I was looking through old blog posts the other day and noticed a pattern with the frequency of my posts. Every time my son hit another milestone, this blog became more of an afterthought rather than a priority. For the first few months of his life, he was the worst napper of all time. I was lucky to get him to sleep for 30-40 minutes at a time. I had no time at all to spend writing out recipes much less making them, shooting pics, and writing. When he started solids he suddenly started giving me two longer naps a day. It. Was. Amazing. Suddenly I had a lot of free time to do things like shower or pay bills or blog. Then he started crawling. Then he started walking. Then he dropped the second nap. I love seeing the progression from each stage to the next, but it is a constant regrouping and figuring out a new rhythm every few months.
It seems like every time I focus on one thing, something else suffers. If I'm cleaning the house, my son is bored or throwing toy trucks at the dogs. If I'm trying (and usually failing at) new activities with my son, the dogs are bored and digging up the backyard. If I'm actually thinking about and making dinners ahead of time, my son is in front of a screen longer than I'd care to admit. I think that's been one of the hardest lessons for me to learn as a new mom. You really can't do it all, and usually one thing or another gets pushed to the back burner for awhile. For me, this is where the mom guilt creeps in.
This past weekend was Mother's Day, and this year it really got me thinking about all the social constructs centered around motherhood and what that means. It's funny how before motherhood, women are viewed as individuals with a vast range of different personalities and interests, and that is okay and celebrated. But for some reason after becoming a mother, the definition of what it means to be a good woman and mom narrows quite a bit. I think every mother I know has felt this in one way or another. Suddenly, you're either a working mom or a stay-at-home mom, and that is really all people need to know about you. If you work, people wonder if it's a financial decision or because you don't want to be around kids or something (do you see anyone asking dad this?). If you stay at home, people love to come up with side job ideas for you (because surely taking care of a tiny human and home isn't enough to fill a whole day).
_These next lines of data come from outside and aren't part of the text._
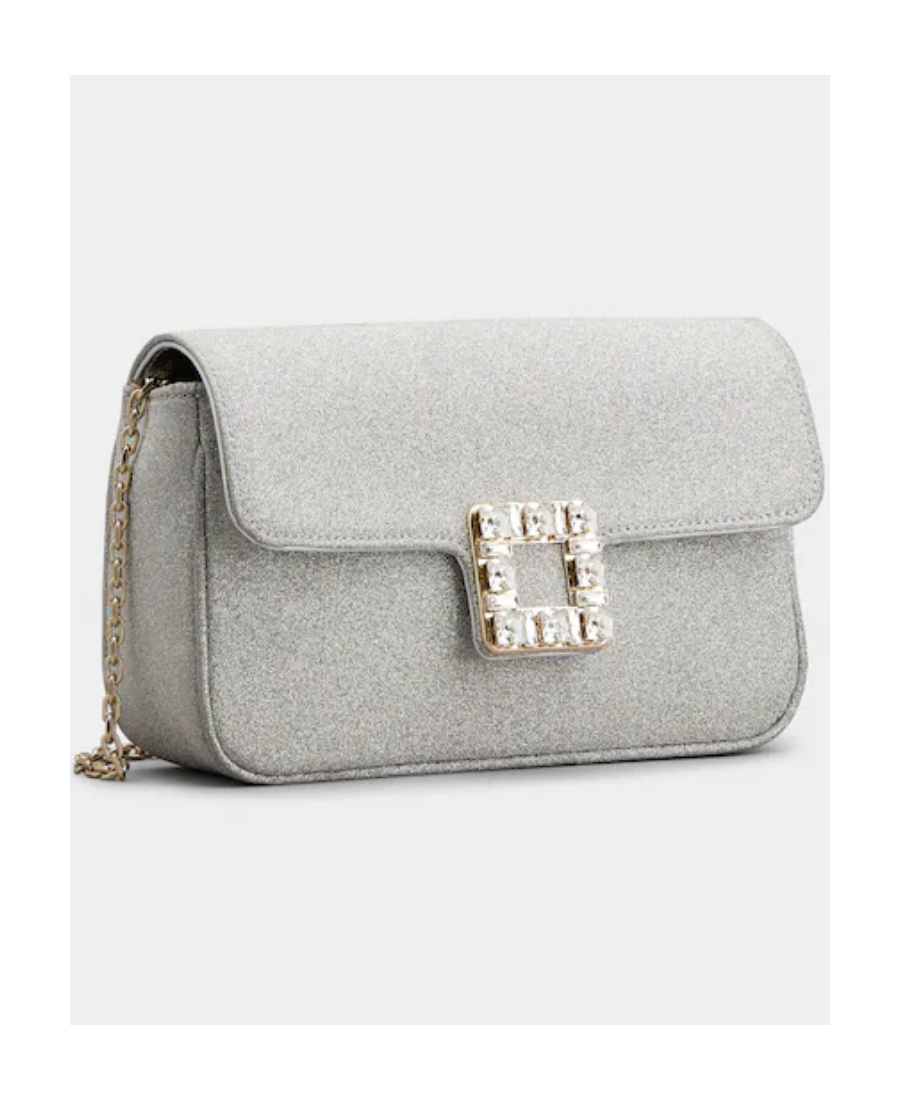 Roger Vivier Jeu De Fille Foldover Top Clutch Bag In White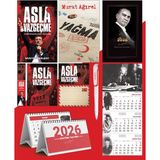 Asla Vazgeçme - Ayraç - Kartpostal - Poster - Yağma - Sayıştay Belgeleri - 2026 Ajanda Gazi Paşa - Imza Duvar Takvimi - Masa Takvimi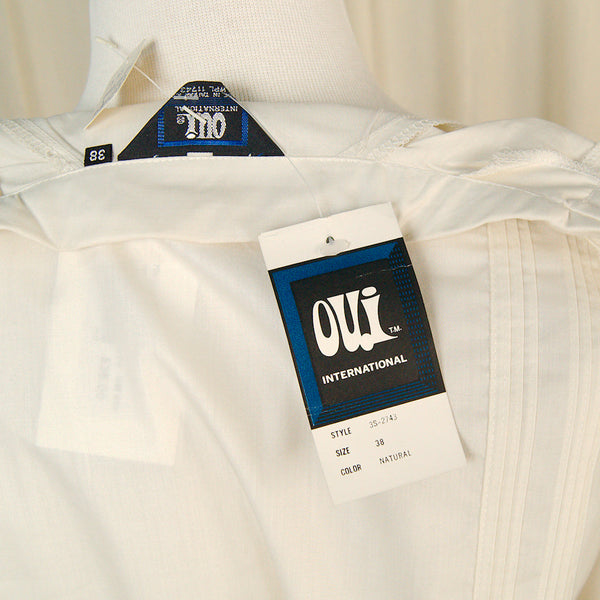 NOS 70s does 1950s Guayabera Shirt Cats Like Us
I am so done with all the labels and the media trying to pigeon-hole us ladies into one group or another. We're all women, and we all have to put up with a lot of crap on a daily basis...figuratively and for some of us literally.
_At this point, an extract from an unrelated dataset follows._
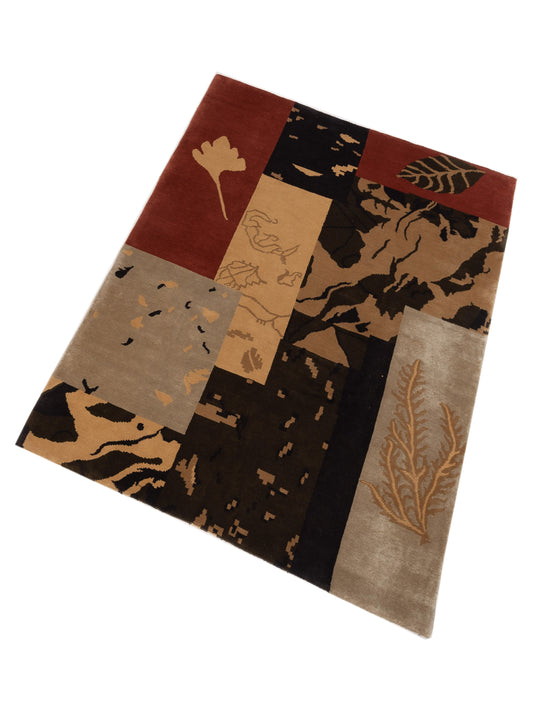 Tibarra Multi 5.8x7.10 Hand Knotted Rug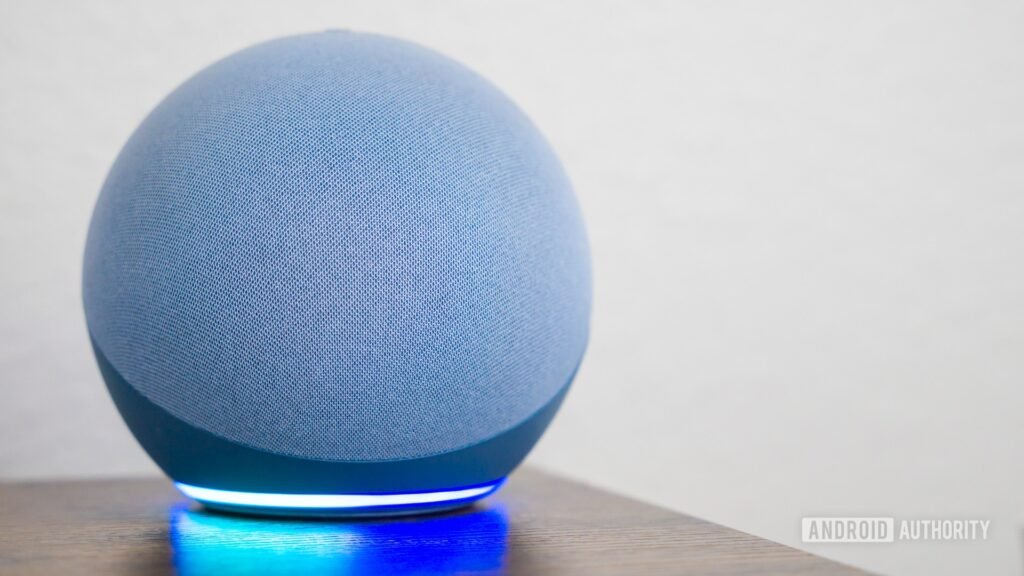 The Amazon Echo smart speaker is 35% off! (Glacier White or Twilight Blue)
And if you're a man and still reading this post - I'm super impressed...can we be friends? :)
My husband works at a nuclear power generating station and for the past month or so they've been working a refueling outage. It means many, many days of 12-hr shifts with very little days off. It means him averaging 10-12 miles every day walking around the plant. It means 12 hour days of me trying to keep a 19 month old plus two dogs happy. It means neither one of us wants to think about dinner. And it means this blackberry bourbon lemonade has made several appearances around here at the end of a long day.
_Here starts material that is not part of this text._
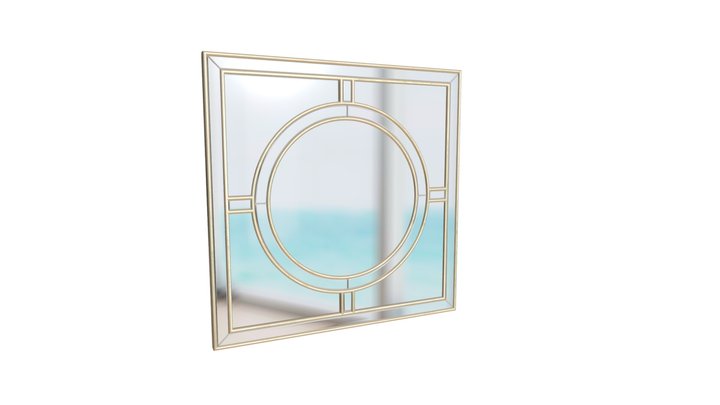 Square Mirror Mirror - A10430 3D Model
Blackberry Bourbon Lemonade
This has become my go-to cocktail lately, primarily because it has only three ingredients and doesn't require simple syrup or any specialty liqueurs. It's tart, refreshing, and sweet, with that kick of bourbon I so often need at the end of a long day of chasing a toddler.
Yields: 1 drink
2 fl. oz bourbon
4 fl. oz your favorite store-bought, fresh lemonade ( I love Simply Lemonade - don't use the frozen concentrate)
3-4 frozen blackberries (you can use fresh too, but you will need to muddle)
fresh mint and more blackberries for garnish (optional)
- Combine all ingredients in a cocktail shaker with a handful of ice. Shake vigorously.
- Strain into cocktail glass filled almost to the top with more ice.
- Garnish with fresh mint and more blackberries (optional).
- If you use fresh blackberries, muddle them in the bottom of the cocktail shaker before adding anything else.
- Experiment! Try swapping the blackberries for very ripe strawberries, raspberries, or blueberries, and see which you prefer.